As impressive as these seemed, there was no rigorous way of determining
if these occurrences were not merely due to the enormous quantity of
combinations of words and expressions that can be constructed by
searching out arithmetic progressions in the text. The purpose of the
research reported here is to study the phenomenon systematically. The
goal is to clarify whether the phenomenon in question is a real one,
that is, whether it can or cannot be explained purely on the basis of
fortuitous combinations.
The approach we have taken in this research can be illustrated by the
following example. Suppose we have a text written in a foreign language
that we do not understand. We are asked whether the text is meaningful
(in that foreign language) or meaningless. Of course, it is very
difficult to decide between these possibilities, since we do not
understand the language. Suppose now that we are equipped with a very
partial dictionary, which enables us to recognize a small portion of the
words in the text: "hammer" here and "chair" there,
and maybe even "umbrella" elsewhere. Can we now decide between
the two possibilities?
Not yet. But suppose now that, aided with the partial dictionary, we can
recognize in the text a pair of conceptually related words, like
"hammer" and "anvil." We check if there is a
tendency of their appearances in the text to be in "close
proximity." If the text is meaningless, we do not expect to see
such a tendency, since there is no reason for it to occur. Next, we
widen our check; we may identify some other pairs of conceptually
related words: like "chair" and "table," or
"rain" and "umbrella." Thus we have a sample of such
pairs, and we check the tendency of each pair to appear in close
proximity in the text. If the text is meaningless, there is no reason to
expect such a tendency. However, a strong tendency of such pairs to
appear in close proximity indicates that the text might be meaningful.

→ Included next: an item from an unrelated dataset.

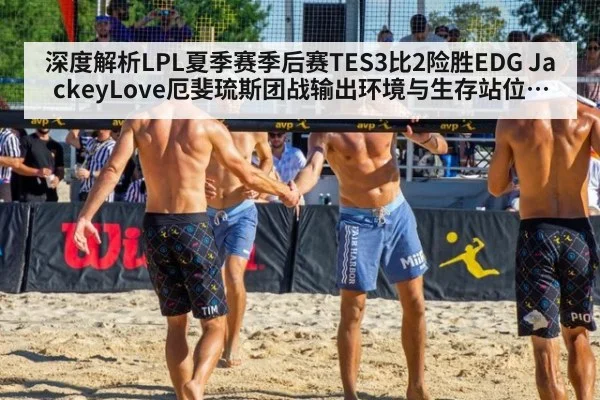深度解析LPL夏季赛季后赛TES3比2险胜EDG JackeyLove厄斐琉斯团战输出环境与生存站位复盘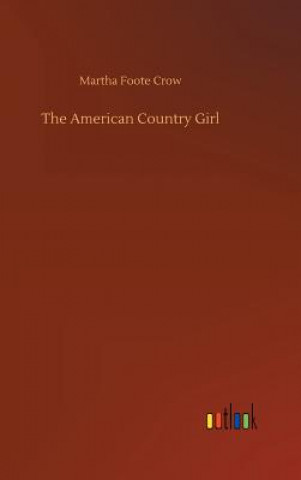 Könyv American Country Girl Martha Foote Crow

Note that even in an absolutely meaningful text we do not expect that,
deterministically, every such pair will show such tendency. Note also,
that we did not decode the foreign language of the text yet: we do not recognize
its syntax and we cannot read the text.
This is our approach in the research described in the paper. To test
whether the ELS's in a given text may contain "hidden
information," we write the text in the form of two-dimensional
arrays, and define the distance between ELS's according to the ordinary
two-dimensional Euclidean metric. Then we check whether ELS's
representing conceptually related words tend to appear in "close
proximity."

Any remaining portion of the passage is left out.